* _What to produce_: Only the lines from the one with "Ibis Warszawa Reduta" through the final line below belong in the answer, copied exactly and without pictures.

+++ Given data +++

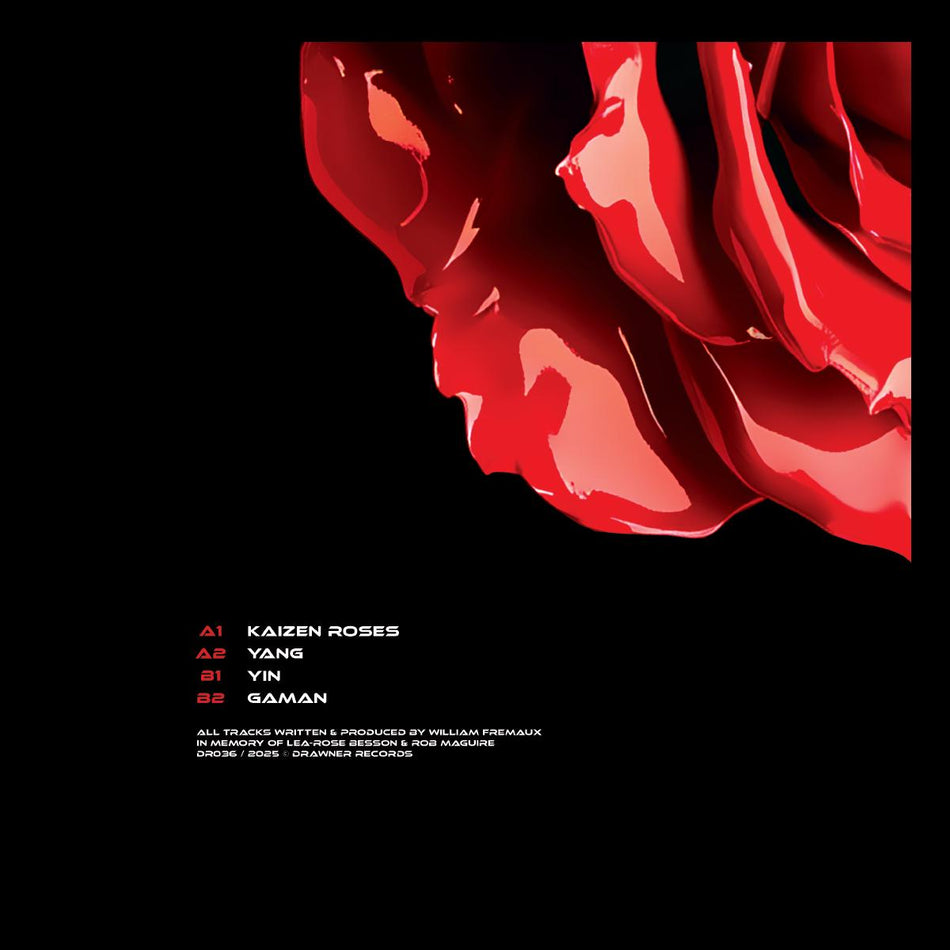 Arkan - Gaman Ep [printed sleeve] 12"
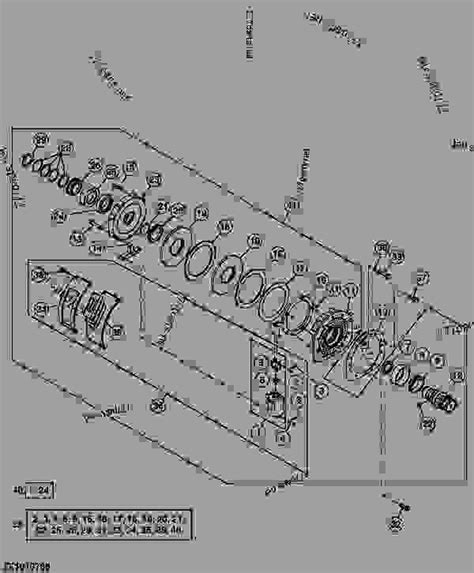 skid steer jd 270 brake cylinder leaking|jd 260 brake problems.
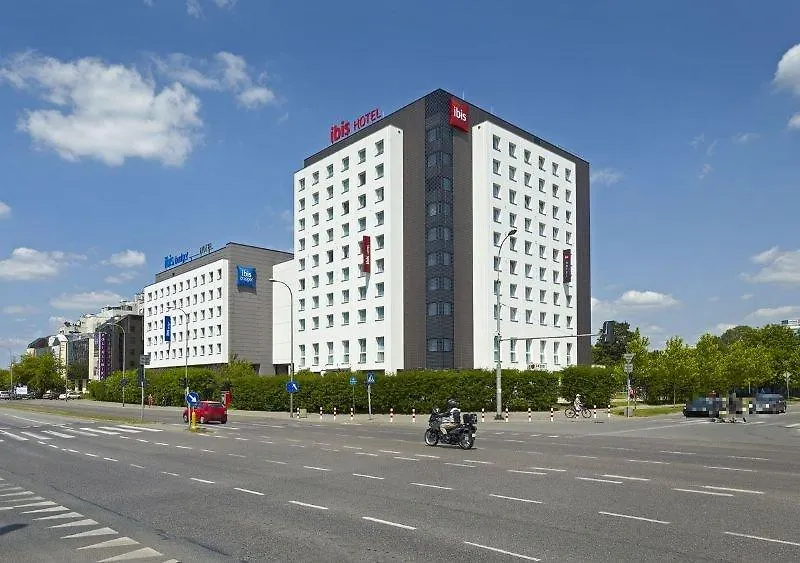 Ibis Warszawa Reduta Hotel  Warsaw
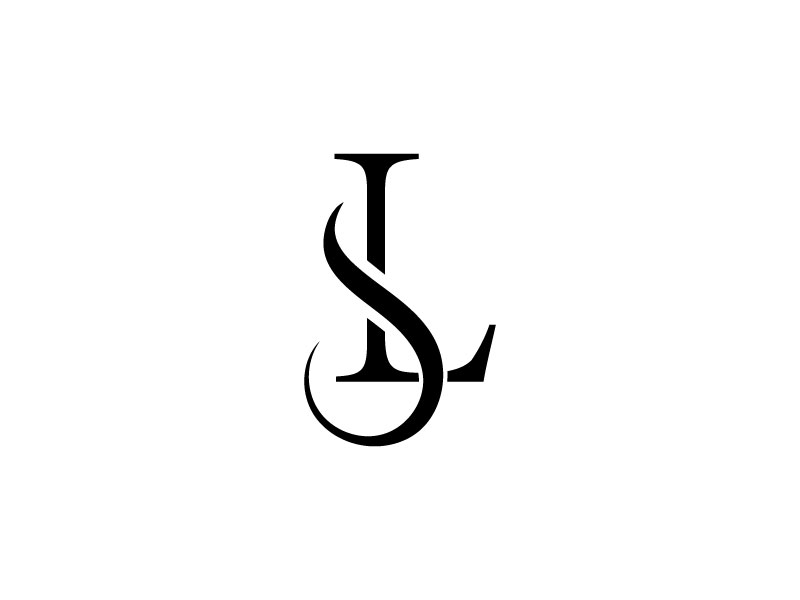 4 Word Mark Logos Design, sl logo.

+++

* _Task result_:
 Ibis Warszawa Reduta Hotel  Warsaw
 4 Word Mark Logos Design, sl logo.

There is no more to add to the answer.